Foi o que apontou o novo estudo realizado pelo Ibope Inteligência sobre assuntos polêmicos e a relação com grau de percepção. E comparado com os resultados obtidos em 2010, quando a pesquisa foi desenvolvida pela primeira vez, identificou-se um aumento no índice de conservadorismo.

O índice considerou as opiniões dos brasileiros em relação a cinco perguntas com abordagens polêmicas: a legalização do aborto; o casamento entre as pessoas do mesmo sexo; a pena de morte; a prisão perpétua e a redução da maioridade penal.

Com uma escala de zero a um, obtida a partir de pesos dados às respostas e das médias calculadas para cada indivíduo, obteve-se a posição dos brasileiros. O valor mais baixo foi atribuído ao perfil mais liberal e o mais alto ao conservador.

O valor médio obtido hoje é maior do que em 2010 (0,686 contra 0,656), ou seja, em seis anos aumentou significativamente à favorabilidade a algumas questões (especialmente entre os homens, os menos escolarizados e os evangélicos), pontua a análise feita pelo Ibope Inteligência.

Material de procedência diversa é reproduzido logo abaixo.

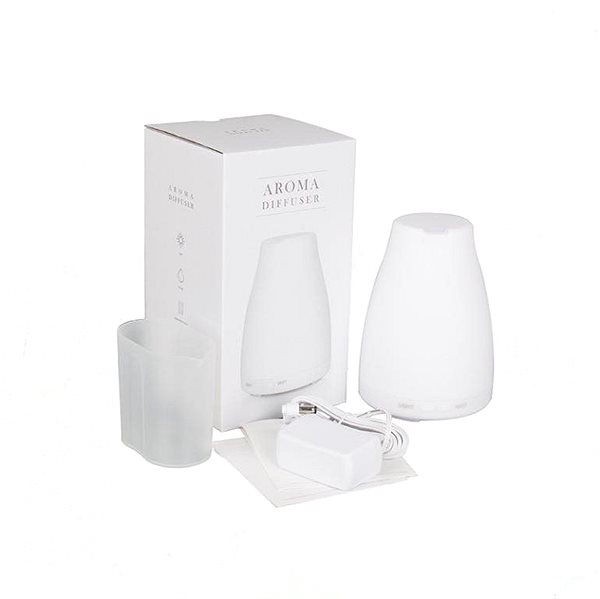Aroma diffuser DIFÚ colour-1 ambient aroma diffuser .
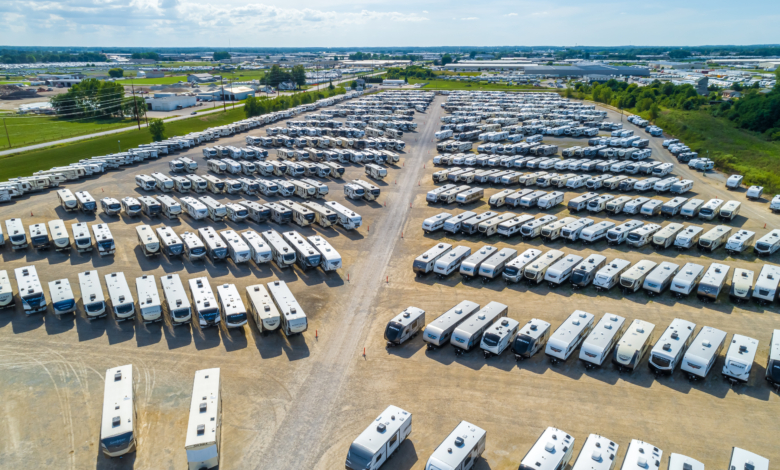 rv dealership inventory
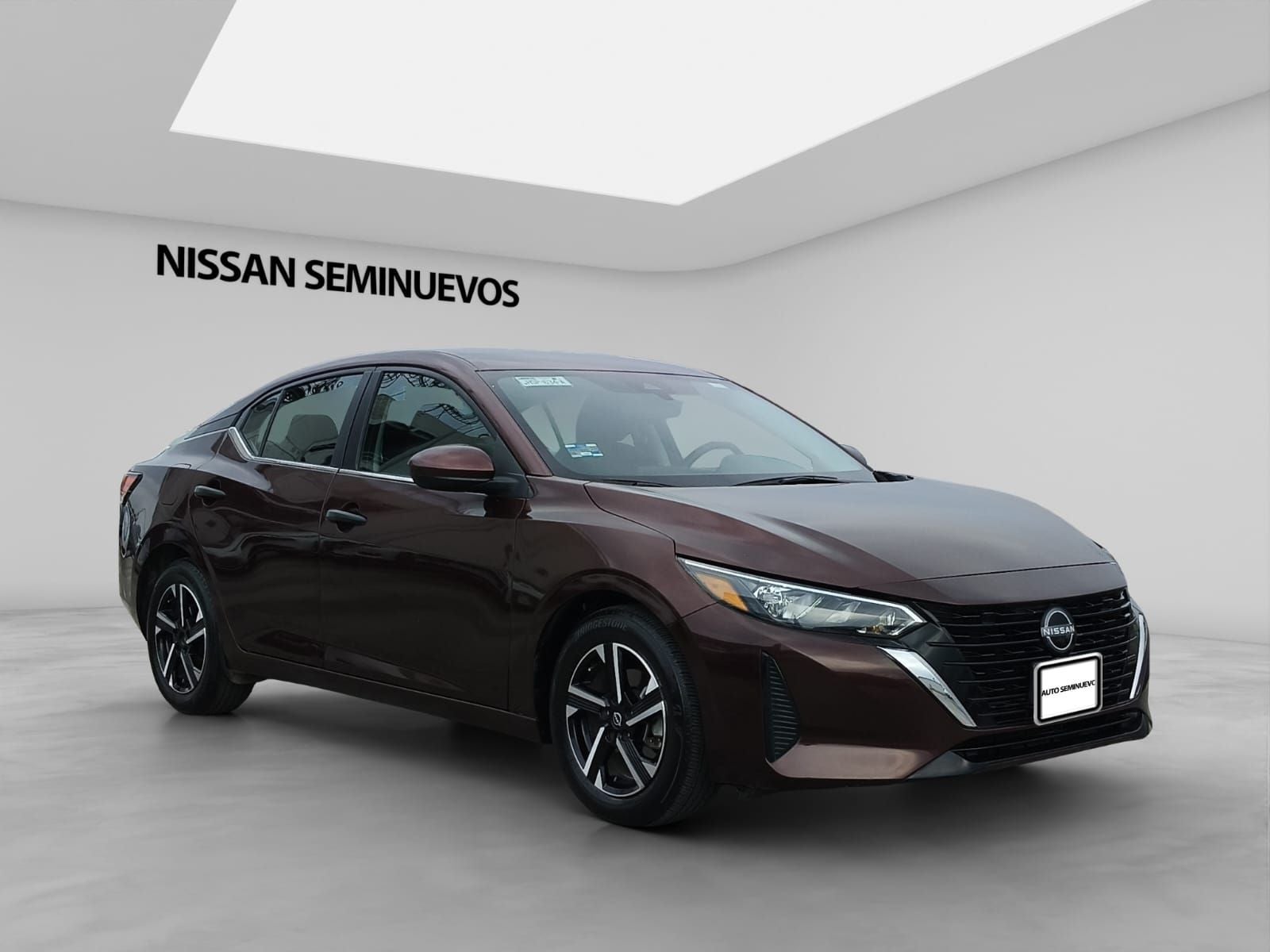 2024 Nissan Sentra 2.0 Sense Mt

As questões que puxam o aumento do conservadorismo são as três ligadas à segurança pública. O apoio à pena de morte pulou de 31% para 49% nos últimos seis anos; a favorabilidade à redução da maioridade penal - para permitir que adolescentes sejam julgados como adultos - cresceu de 63% para 78% e a defesa da prisão perpétua para crimes hediondos aumentou de 66% para 78% desde 2010.

Medido de outra forma, foi possível agregar a distribuição da população de acordo com o valor obtido no índice de conservadorismo, sendo considerado como baixo (até 0,3 no índice), médio (entre 0,4 e 0,6) e alto (0,7 ou mais). O que teve então nesse período foi um aumento do grupo mais conservador, que passou de 49% para 54% no total da população - aumento de seis pontos percentuais.

Ao analisar os resultados, a CEO do Ibope Inteligência, Márcia Cavallari, destacou que o resultado ocorre em função do maior apoio às medidas punitivas, seja em decorrência do aumento das taxas de violência no país ou de um desejo de se acabar com a impunidade. Para Márcia, este posicionamento mostra ao poder Legislativo que as atuais leis não dão conta de resolver os problemas do país e que precisam ser revistas.